** GIVEN INFORMATION follows **
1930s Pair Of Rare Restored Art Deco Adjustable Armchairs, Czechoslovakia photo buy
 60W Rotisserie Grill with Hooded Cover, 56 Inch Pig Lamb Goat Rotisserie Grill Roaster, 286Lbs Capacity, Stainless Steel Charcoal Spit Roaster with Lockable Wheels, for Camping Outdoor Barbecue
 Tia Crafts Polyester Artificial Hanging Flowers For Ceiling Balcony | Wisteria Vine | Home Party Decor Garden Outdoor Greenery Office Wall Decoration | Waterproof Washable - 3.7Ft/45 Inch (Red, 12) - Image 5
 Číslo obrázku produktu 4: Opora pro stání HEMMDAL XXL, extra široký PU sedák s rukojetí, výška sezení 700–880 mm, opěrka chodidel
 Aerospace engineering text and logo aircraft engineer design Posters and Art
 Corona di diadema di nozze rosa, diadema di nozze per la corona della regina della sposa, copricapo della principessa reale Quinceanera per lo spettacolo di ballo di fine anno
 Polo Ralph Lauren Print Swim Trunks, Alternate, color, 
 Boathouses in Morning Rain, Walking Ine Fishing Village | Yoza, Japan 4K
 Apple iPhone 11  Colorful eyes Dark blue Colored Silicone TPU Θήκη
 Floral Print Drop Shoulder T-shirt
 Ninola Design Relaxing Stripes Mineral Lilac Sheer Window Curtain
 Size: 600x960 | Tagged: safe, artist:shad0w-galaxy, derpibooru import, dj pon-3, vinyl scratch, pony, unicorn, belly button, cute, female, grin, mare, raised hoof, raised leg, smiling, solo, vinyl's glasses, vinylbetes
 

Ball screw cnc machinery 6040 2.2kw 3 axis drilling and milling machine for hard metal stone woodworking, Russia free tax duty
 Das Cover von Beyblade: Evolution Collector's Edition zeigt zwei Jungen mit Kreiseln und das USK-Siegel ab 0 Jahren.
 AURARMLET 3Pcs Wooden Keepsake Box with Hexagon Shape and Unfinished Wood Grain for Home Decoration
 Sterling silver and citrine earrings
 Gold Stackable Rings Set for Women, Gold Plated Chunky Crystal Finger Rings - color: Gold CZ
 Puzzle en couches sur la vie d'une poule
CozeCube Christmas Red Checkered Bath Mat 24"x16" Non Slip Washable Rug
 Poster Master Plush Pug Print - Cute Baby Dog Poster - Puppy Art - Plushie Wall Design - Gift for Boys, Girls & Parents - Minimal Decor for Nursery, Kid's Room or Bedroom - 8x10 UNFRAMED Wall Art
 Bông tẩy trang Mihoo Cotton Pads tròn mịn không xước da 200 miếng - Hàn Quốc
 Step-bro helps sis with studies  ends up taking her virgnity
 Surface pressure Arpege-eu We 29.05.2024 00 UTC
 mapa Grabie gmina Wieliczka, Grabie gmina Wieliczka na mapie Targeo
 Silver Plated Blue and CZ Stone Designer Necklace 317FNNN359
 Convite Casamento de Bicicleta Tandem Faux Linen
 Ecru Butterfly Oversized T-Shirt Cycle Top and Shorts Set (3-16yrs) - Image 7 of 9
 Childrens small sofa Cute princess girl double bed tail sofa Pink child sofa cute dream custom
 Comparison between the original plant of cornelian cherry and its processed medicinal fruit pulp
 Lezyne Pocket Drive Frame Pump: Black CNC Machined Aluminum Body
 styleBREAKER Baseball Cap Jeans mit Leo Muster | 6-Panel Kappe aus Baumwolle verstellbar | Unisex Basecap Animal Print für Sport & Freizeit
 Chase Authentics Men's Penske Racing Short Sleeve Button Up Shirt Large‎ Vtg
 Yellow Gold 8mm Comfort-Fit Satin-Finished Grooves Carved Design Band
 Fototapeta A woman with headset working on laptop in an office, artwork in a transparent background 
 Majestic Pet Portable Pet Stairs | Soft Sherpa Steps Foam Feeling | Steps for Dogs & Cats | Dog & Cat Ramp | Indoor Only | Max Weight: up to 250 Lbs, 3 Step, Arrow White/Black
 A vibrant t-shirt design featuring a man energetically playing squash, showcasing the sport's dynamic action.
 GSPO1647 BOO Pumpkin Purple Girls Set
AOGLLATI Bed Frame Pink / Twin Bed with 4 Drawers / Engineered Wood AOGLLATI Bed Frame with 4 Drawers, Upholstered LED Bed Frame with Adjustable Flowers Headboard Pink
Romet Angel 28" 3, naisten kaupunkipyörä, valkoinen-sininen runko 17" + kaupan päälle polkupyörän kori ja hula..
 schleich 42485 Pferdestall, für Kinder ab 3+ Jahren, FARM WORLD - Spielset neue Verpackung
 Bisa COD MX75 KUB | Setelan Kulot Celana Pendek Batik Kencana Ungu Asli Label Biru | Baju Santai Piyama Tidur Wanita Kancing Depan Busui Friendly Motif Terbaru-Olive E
** End of GIVEN INFORMATION **
Work out how many lines above contain "Pink", then write only that number.

2